The state fund — 1Malaysia Development Berhad (1MDB) — was set up with Leissner’s assistance in 2009 with the aim of expanding Kuala Lumpur and turning it into an economic hub. Goldman Sachs was paid high commissions for bond sales.
In early 2015, the fund missed $11 billion (£7.5 billion) of payments it owed to banks and bondholders. Despite this, $681 million (£470 million) was transferred into the Malaysian Prime Minister Najib Razak’s bank account from the fund by way of Saudi Arabia. The potential money-laundering allegations span 5 countries and are currently being investigated. Goldman Sachs may have to face a congressional inquiry as a result.
The fund is being used as illustration of the perhaps too friendly relationship Goldman Sachs has with various governments.
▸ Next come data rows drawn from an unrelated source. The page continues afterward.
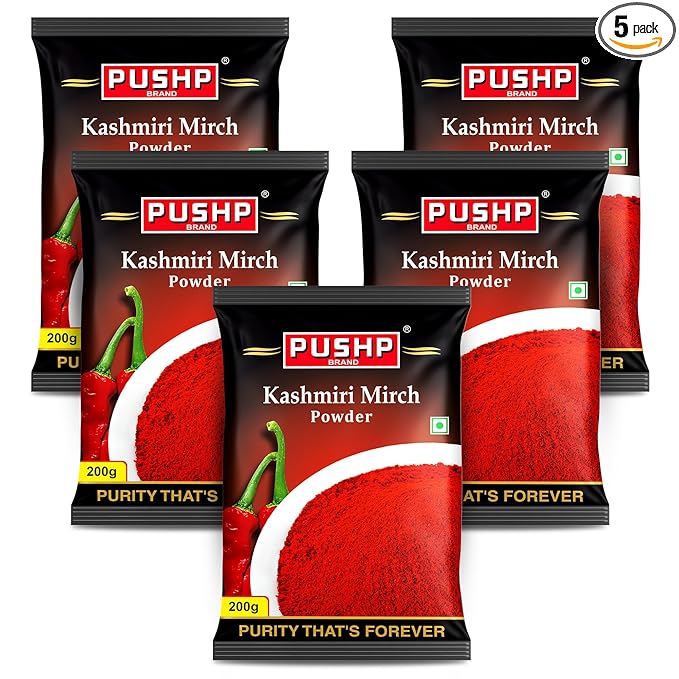 Pushp Brand Kashmiri Red Chilli Powder (200gm) (Pack of 5)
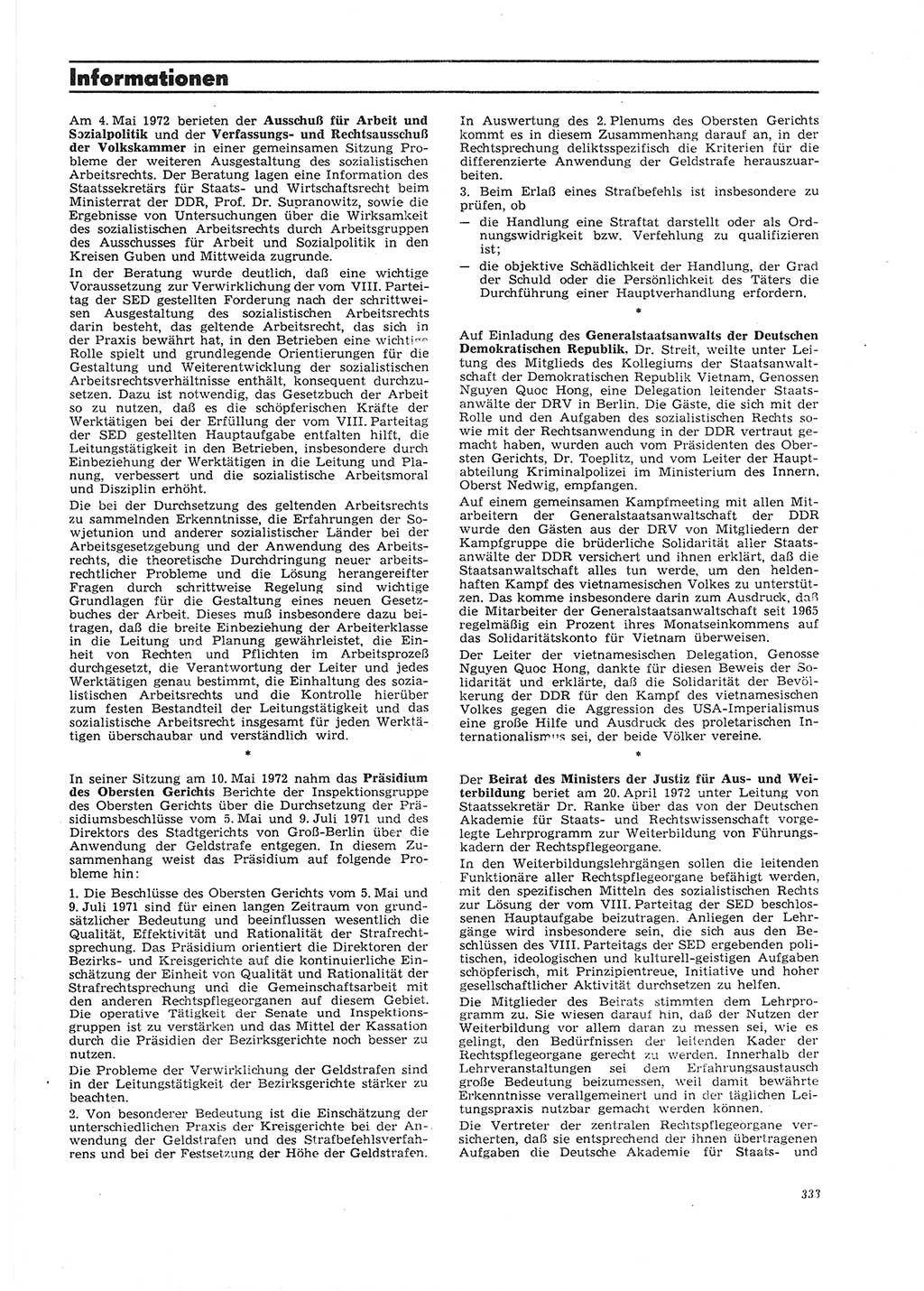 Neue Justiz (NJ), Zeitschrift für Recht und Rechtswissenschaft [Deutsche Demokratische Republik (DDR)], 26. Jahrgang 1972, Seite 333 (NJ DDR 1972, S. 333)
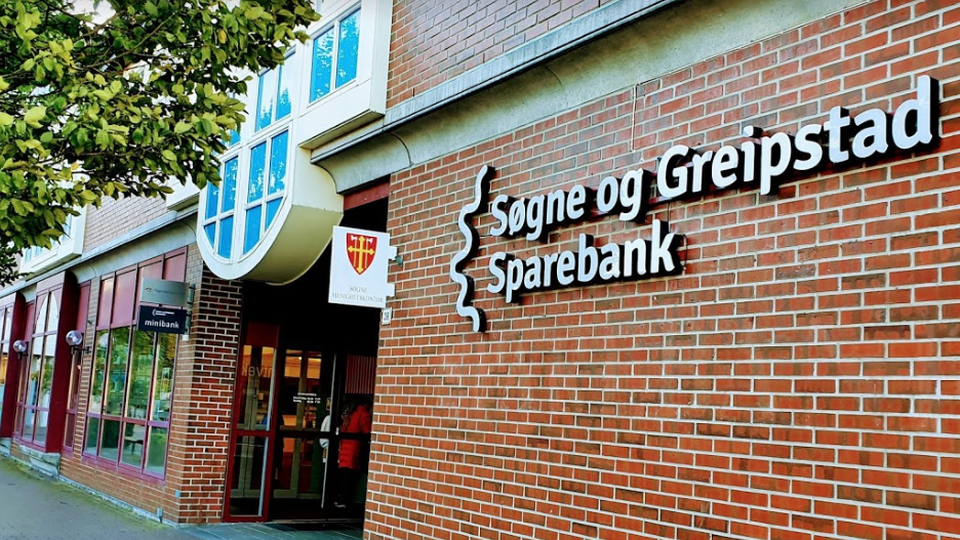 Søgne og Greipstad Sparebank. | Foto: Søgne og Greipstad Sparebank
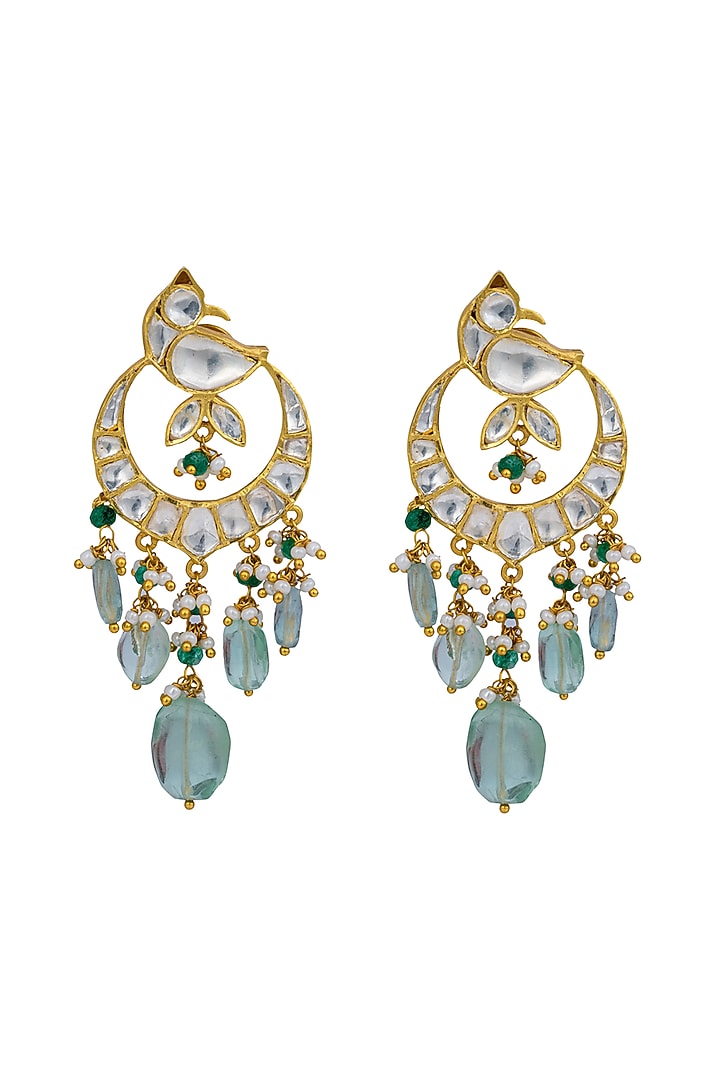 Gold Plated Kundan Polki Chandbali Earrings In Sterling Silver by OSVAG INDIA at Pernia's Pop Up Shop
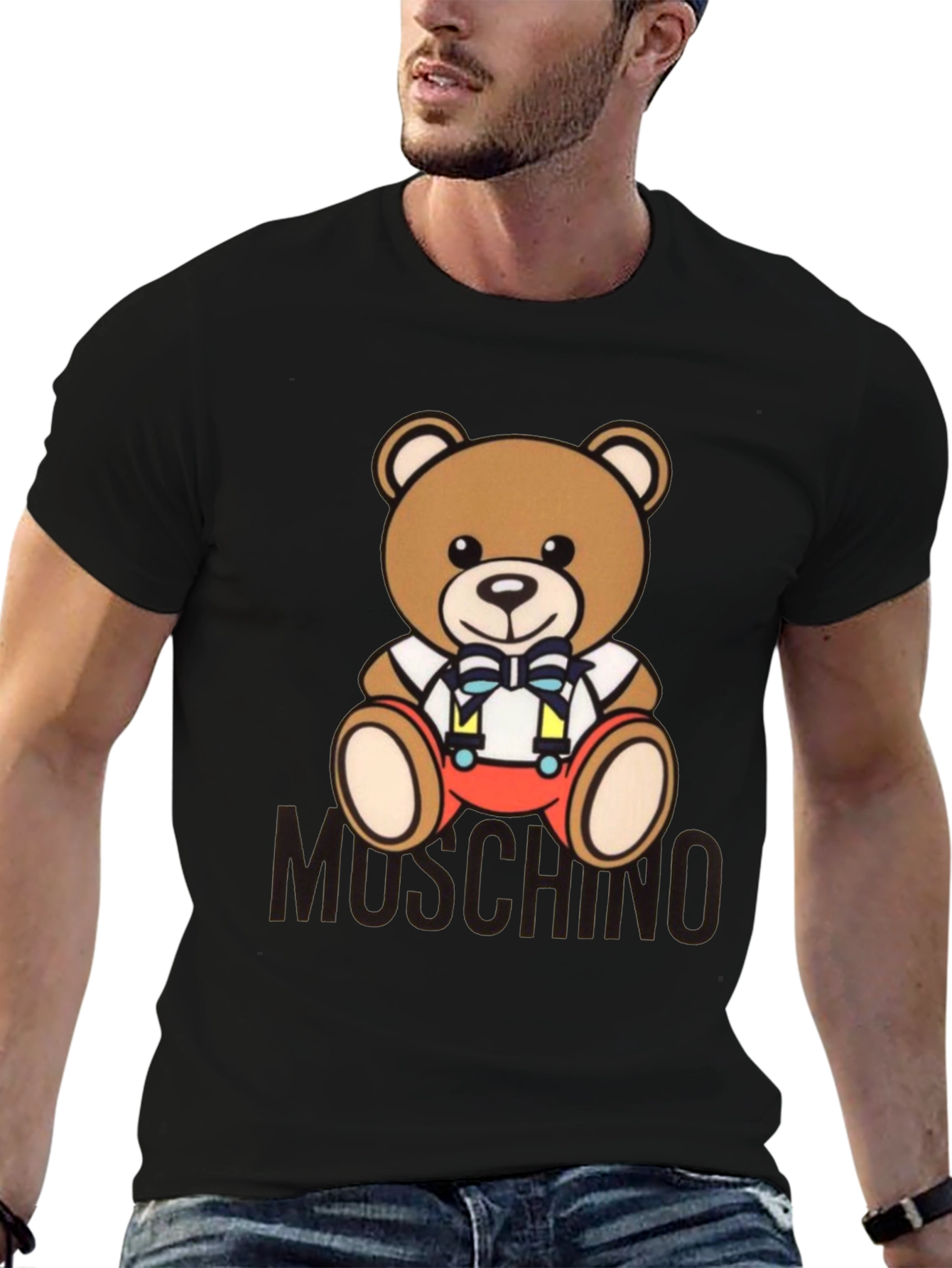 Teddy Bear Print T-Shirt - Casual Style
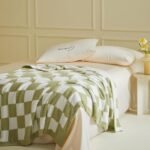 Green and White Premium Knitted Checkerboard Throw Blanket(130 x 150 CM) - Soft Half-Velvet Fleece Nap Blanket, Couch Throw & Office Decorative Wrap - Image 3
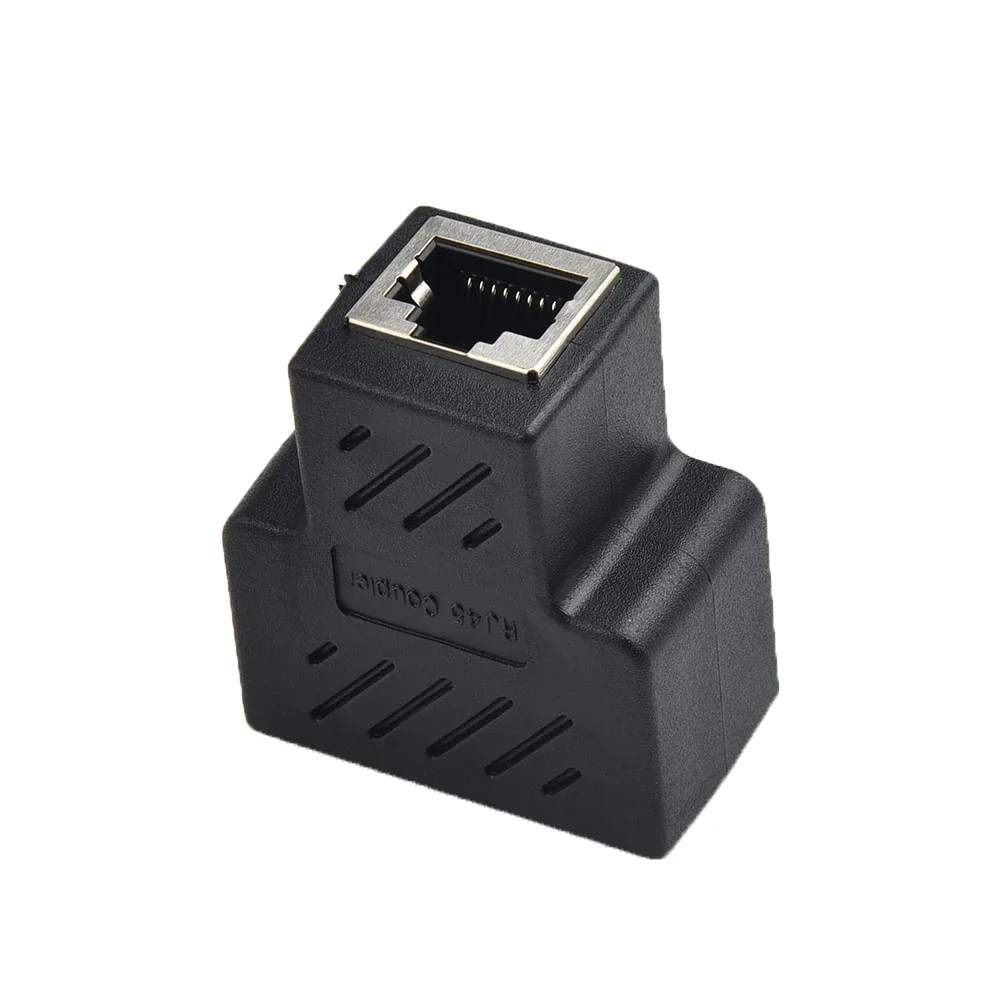 Good Quality Splitter Adapter Black Useful Metal Practical Replacement Tool Plug 1 To 2 Cable Ethernet Extender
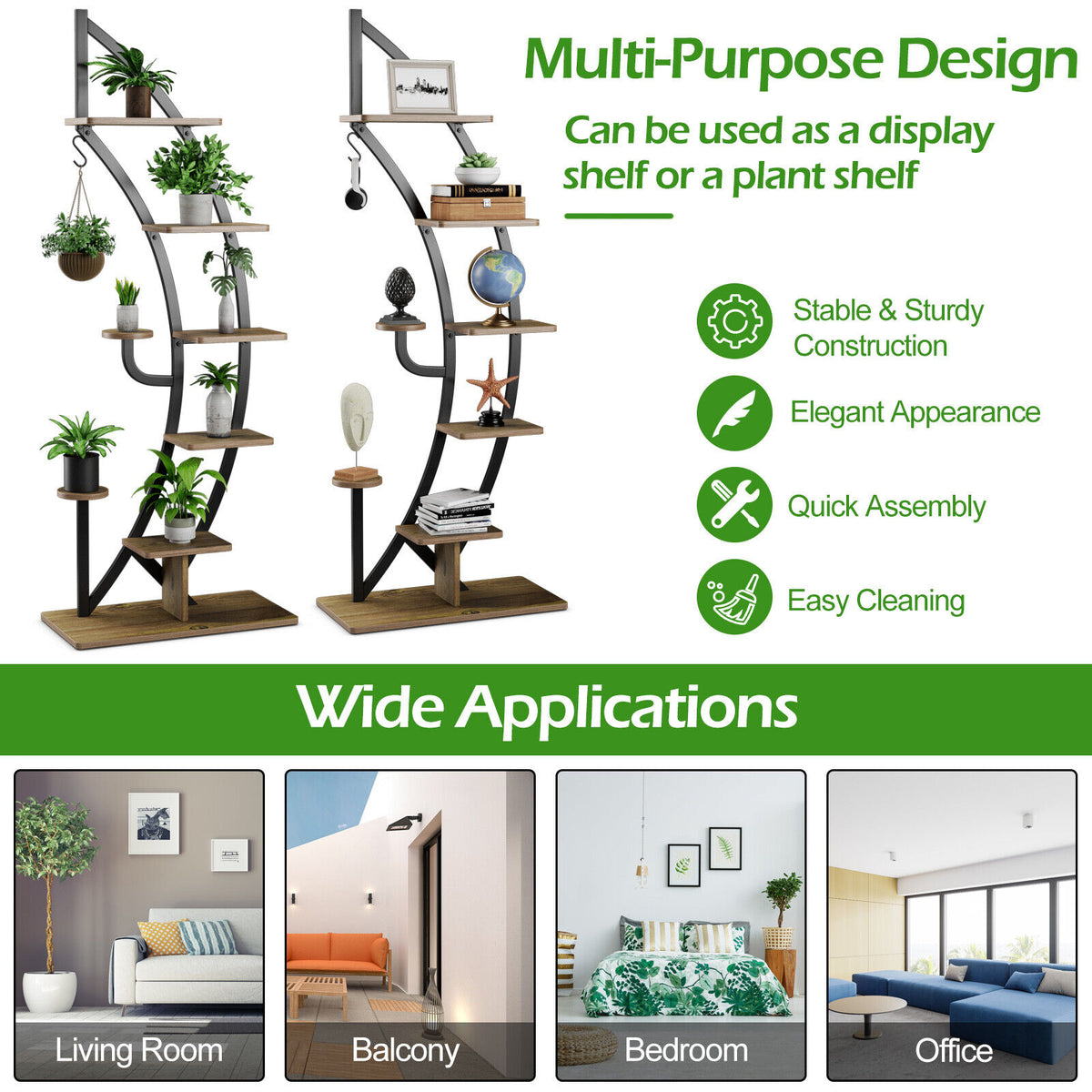 6 Tier 9 Potted Metal Plant Stand Holder, Natural Plant Stands at Gallery Canada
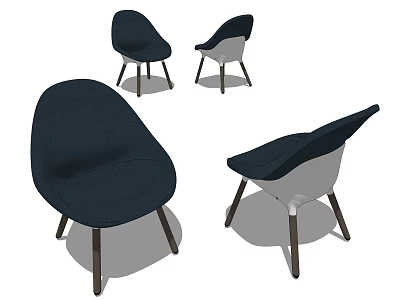 Modern Navy Blue Dining Chairs With Stylish Backrest And Solid Wooden Legs 3d model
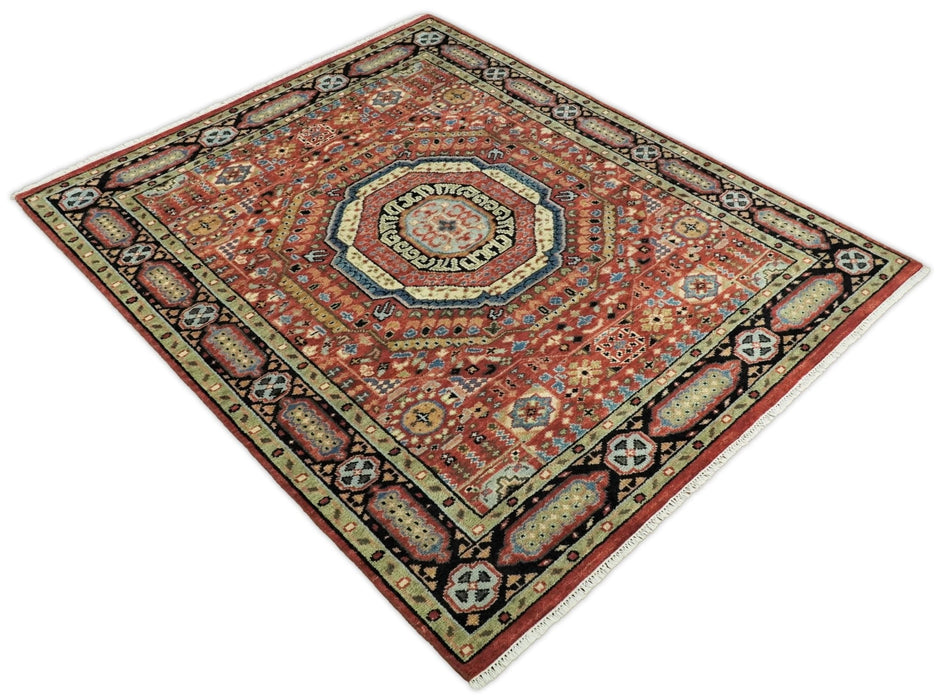 Hand Knotted Traditional Kazak Medallion Rust and Black Wool Area Rug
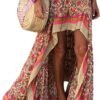Women 2024 Summer Spring Boho Long Skirts Dress Floral Print Elastic Waist Split Ruffle High Low Beach Maxi Skirt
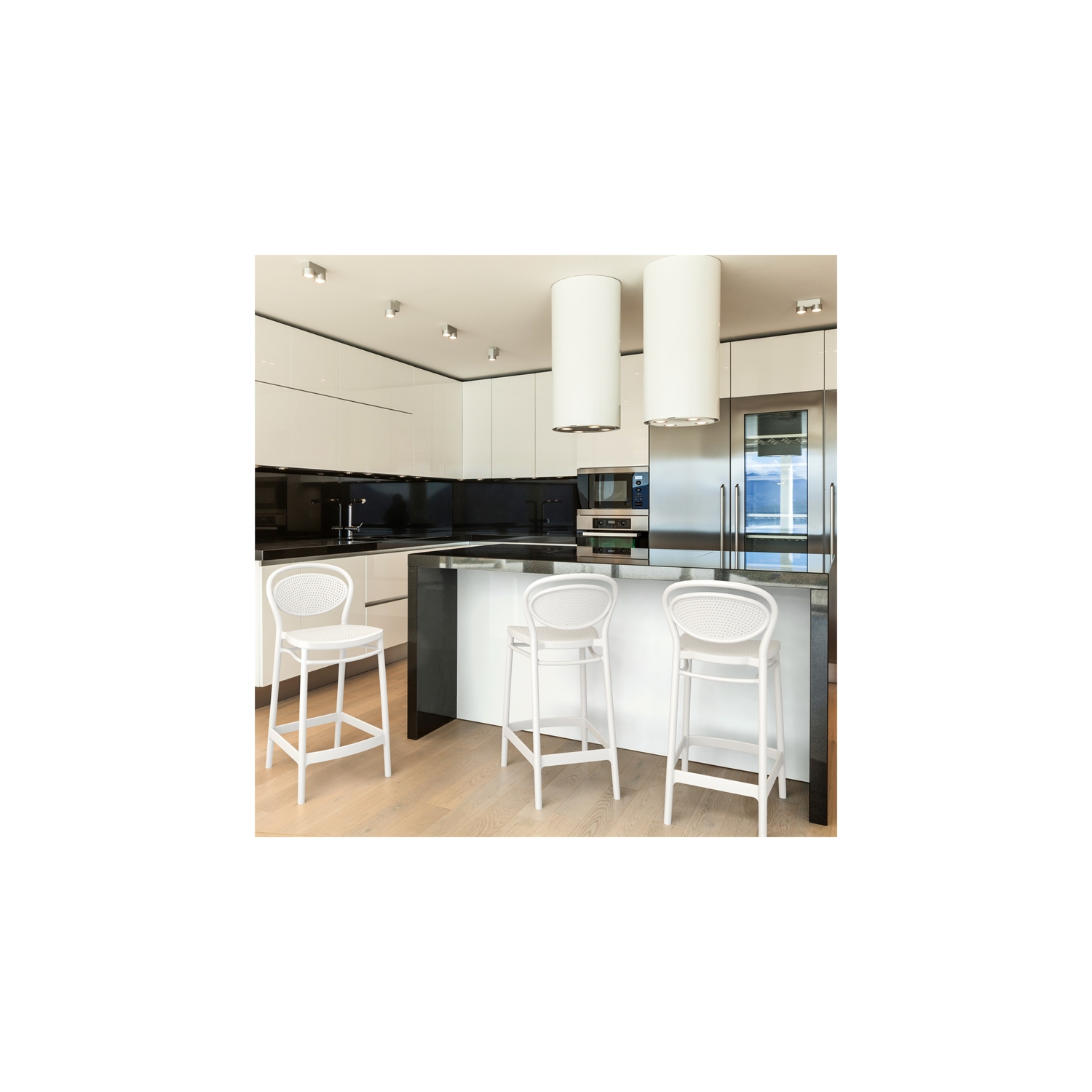 Tabouret de comptoir d’intérieur pour l’extérieur Marcel de Compamia - Blanc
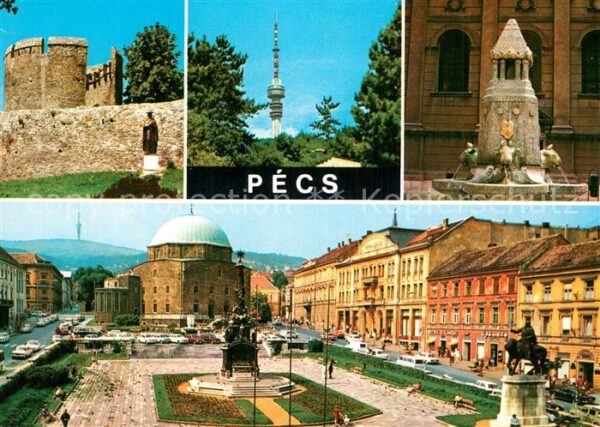 Pecs Burgturm Sendeanlage Brunnen Stadtplatz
The sum of three bond sales for 1MDB back in 2012 and 2013, totalling $6.5 billion, reportedly yielded fees, commissions and expenses for Goldman of almost $593 million, the equivalent of 9.1% of the money raised. The typical cut for an investment bank is about 5%.
Government officials want more answers on the source of the $681 million.
1MDB has been criticised in the past for borrowing as much as $11 billion to finance questionable acquisitions. More than half of this figure reportedly came from bond deals underwritten by Goldman Sachs.